WHAT THIS TASK INVOLVES:
Return, exactly and with nothing added, the line with "Toyota Land Cruiser 70 VXR 4.0L (5 Door)" together with all lines after it through the end of the data below. No pictures belong in the copy.

___ GIVEN RECORDS ___

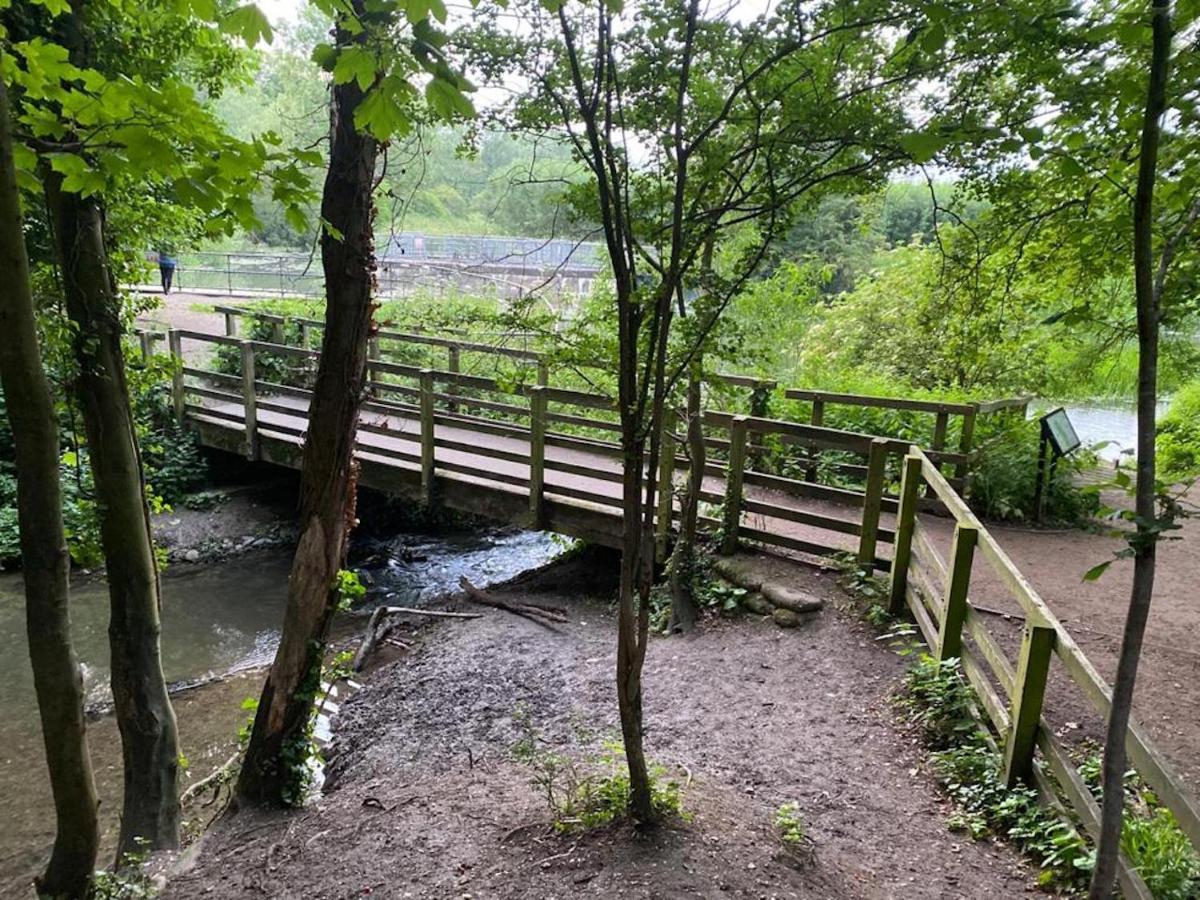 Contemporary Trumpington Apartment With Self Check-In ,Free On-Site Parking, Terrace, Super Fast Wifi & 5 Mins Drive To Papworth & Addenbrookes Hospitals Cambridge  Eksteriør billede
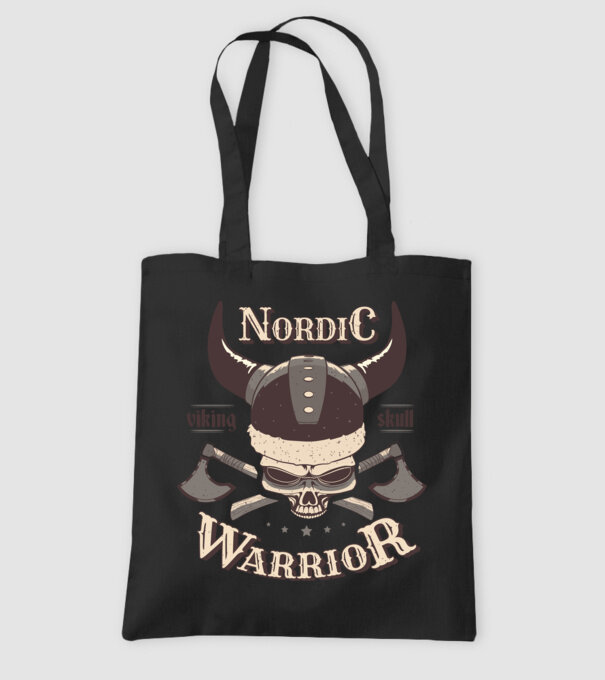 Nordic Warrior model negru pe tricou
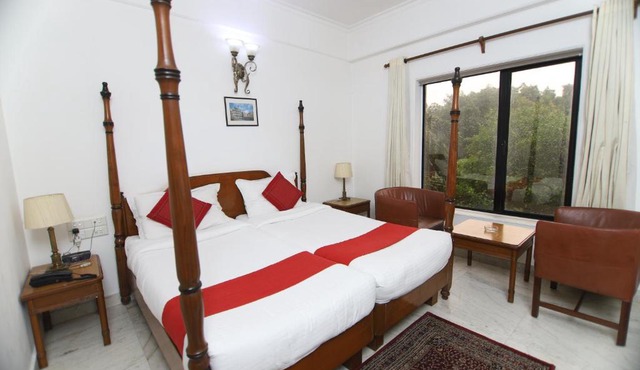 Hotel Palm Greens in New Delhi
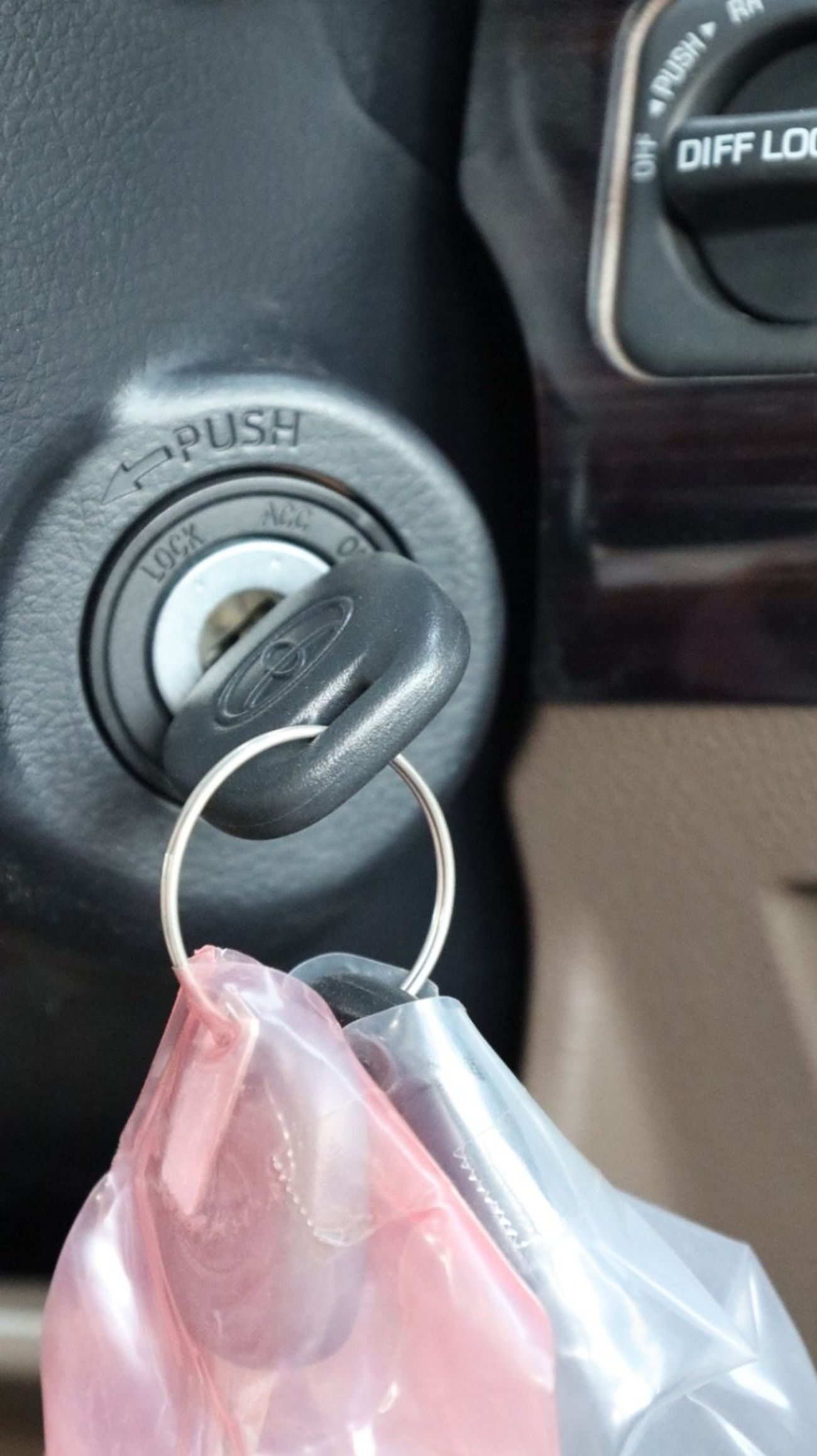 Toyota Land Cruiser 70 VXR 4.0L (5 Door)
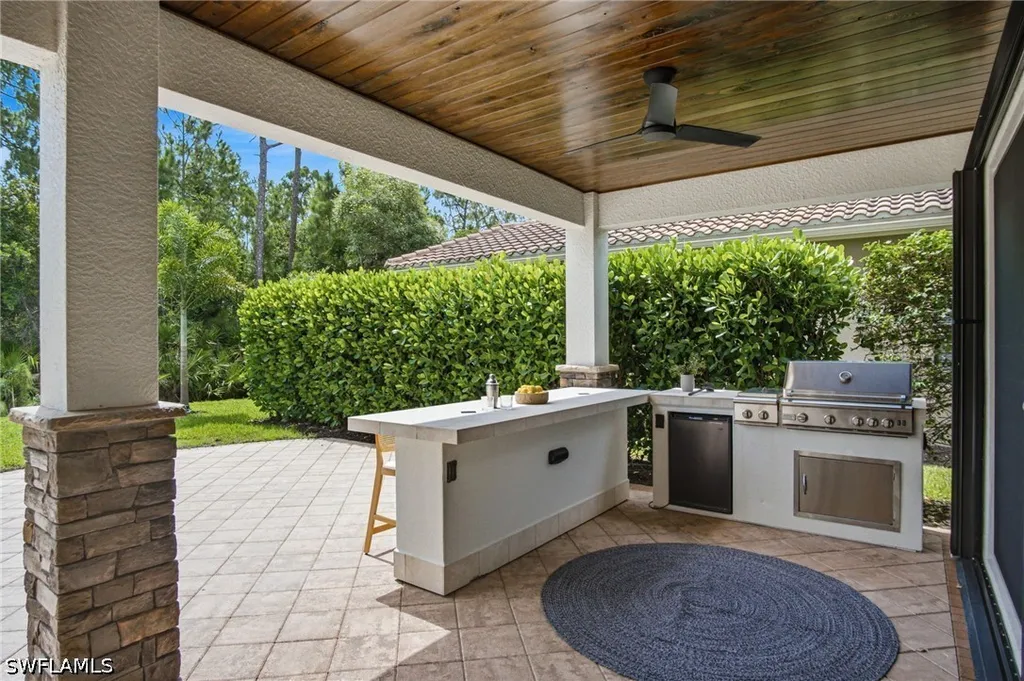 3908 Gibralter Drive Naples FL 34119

___

EXERCISE RESPONSE:
 Toyota Land Cruiser 70 VXR 4.0L (5 Door)
 3908 Gibralter Drive Naples FL 34119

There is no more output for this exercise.